Что означало в дотелевизионную эпоху жить в десяти минутах ходьбы от Кремля? Прежде всего это давало возможность быть не только свидетелем, но нередко и участником потока событий, которые мои младшие современники знают только по кадрам кинохроники.
Вот папа крепко держит меня за руку, чтобы я не потерялась. Серое утро. Толпы народу на тротуарах вдоль всей улицы Горького. На мостовой плотно, в несколько рядов замерли танки. Черные радиорупоры, укрепленные на фонарных столбах, выжидающе молчат. Мы ждем начала парада. Тишина такая, что, стоя несколько ниже розового и еще трехэтажного здания Моссовета, мы ровно в десять слышим бой часов на Спасской башне Кремля. И одновременно раскатывается эхом громкоговорителей вдоль всей улицы сигнал трубы «Слушайте все». Начинается!
Все время, пока будут идти танки, ехать пушки и еще какие-то машины, назначения которых я не знаю, толпа будет стоять неподвижно и торжественно: маленькие дети — ближе к кромке тротуара, сзади них — кто повыше ростом, потом — взрослые. Тут уже можно особенно не бояться за детей — во время парада никто не будет бегать по тротуару и толкаться: все знают, что это не положено. Общее оживление начнется, когда парад кончится и пойдет демонстрация. Кроме серого и красного цветов, преобладавших во время парада, появится разноцветье транспарантов с эмблемами заводов, море искусственных цветов — а на 1 Мая белые рубашки мужчин и нарядные пестрые платья женщин.
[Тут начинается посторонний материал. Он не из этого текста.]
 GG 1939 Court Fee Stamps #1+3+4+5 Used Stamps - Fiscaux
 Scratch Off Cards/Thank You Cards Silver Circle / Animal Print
Дети к началу демонстрации уже будут стоять с воздушными шарами, судорожно сжимая их ниточки в кулачках — обычай отпускать шары возник много позже. Наиболее отчаянные мальчишки пытались пристроиться к колоннам и пробегали несколько метров рядом, пока их не отгоняли озабоченные правофланговые с красной повязкой на правом рукаве. Тут уж можно было гулять по тротуару вверх по улице Горького. Но не вниз — у телеграфа стоял очередной ряд оцепления.
Продолжением праздника была белоснежная хрустящая скатерть и мамин коронный ореховый торт.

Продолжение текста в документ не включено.